Friday, October 22, 2010

Seriously - $733,647,242.31? Are you *#^!ing kidding me?

The October 25 issue of Newsweek reports that, collectively, candidates for the US House of Representatives have raised $733,647,242.31 in campaign contributions for these midterm elections. (To put that figure in perspective, the TARP bailout cost about $700 billion, and President Obama's stimulus program cost about $787 billion , including tax cuts for the middle and working class.)  That's almost 3/4 of a billion dollars - and that's just for Congress.  It doesn't include the Senate and all state and local races.  And it doesn't include all of the money that corporations and PACs are spending on political advertising that is "independent" of the campaigns themselves.  Imagine what the grand total of what is being spent in this election cycle must be!!

In these dismal economic times, where is all that money coming from?  Well, it seems likely that huge chunks of it are coming from the very corporations that are not investing, not lending, not hiring - and, under the Citizens United holding, not disclosing what they're spending.  These are corporations (and organizations representing them) that  would rather buy control of our government than help dig us out of the economic hole they dug for us.

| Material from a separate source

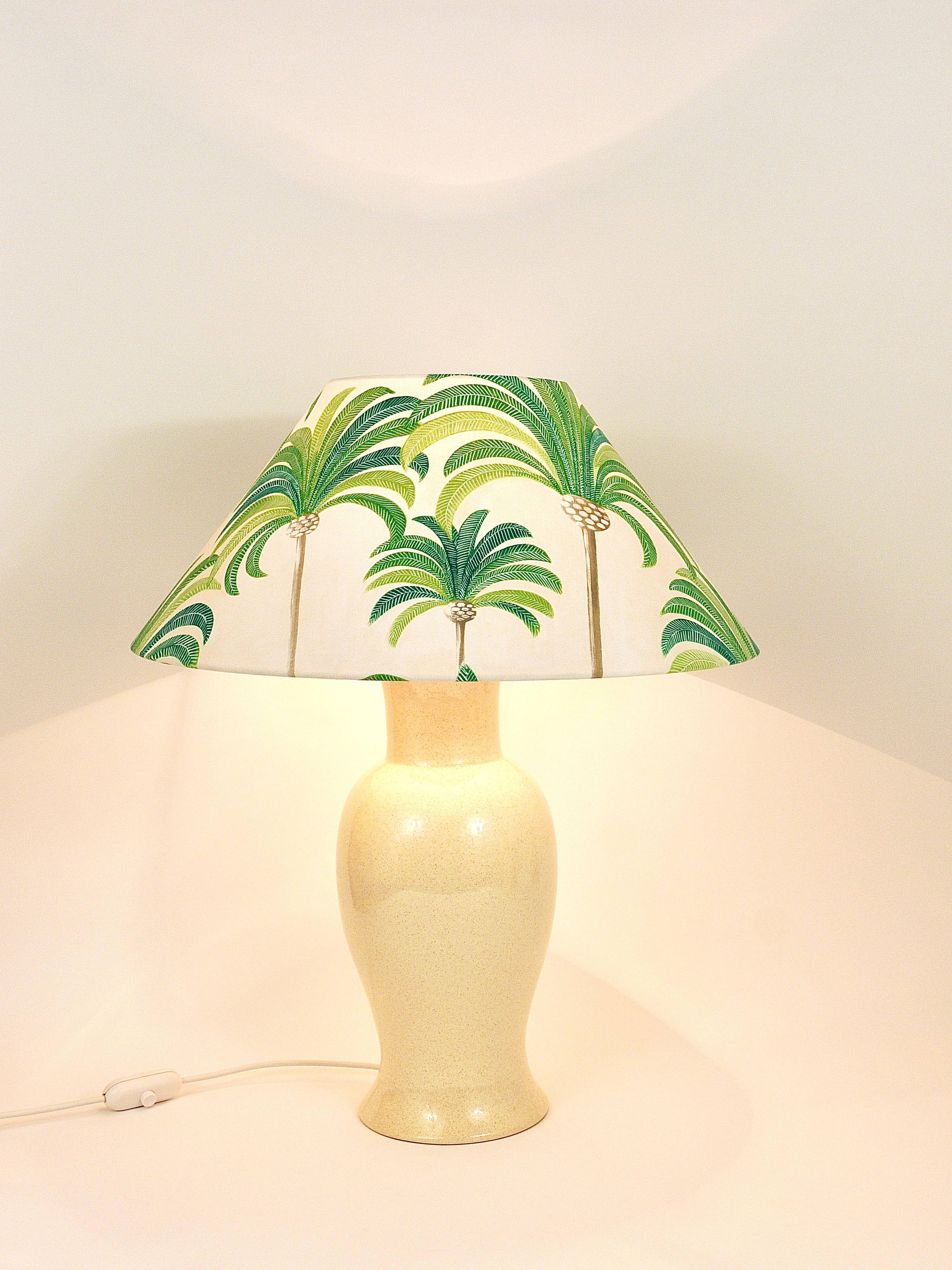 Pair of Tommaso Barbi Riviera palm tree table lamps from the 1970s with matching cushions.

Another likely source is individual donors of the conservative stripe - Tea Baggers and Republicans - because liberals, as the media have told us, are currently disaffected.  These are folks who are so burdened by taxation that they are invoking the spirit of revolution, but can nevertheless find the wherewithal to contribute hundreds of millions of dollars to seize control of every level of government.

Imagine how many middle class jobs $733,647,242.31 could create, or how much of a dent it could make in the deficit.  But attacking unemployment or the deficit directly isn't really the point, although Tea Baggers, Republicans and corporate America complain bitterly about both.  These corporate and individual contributors are spending on what they really think is important: control of our government.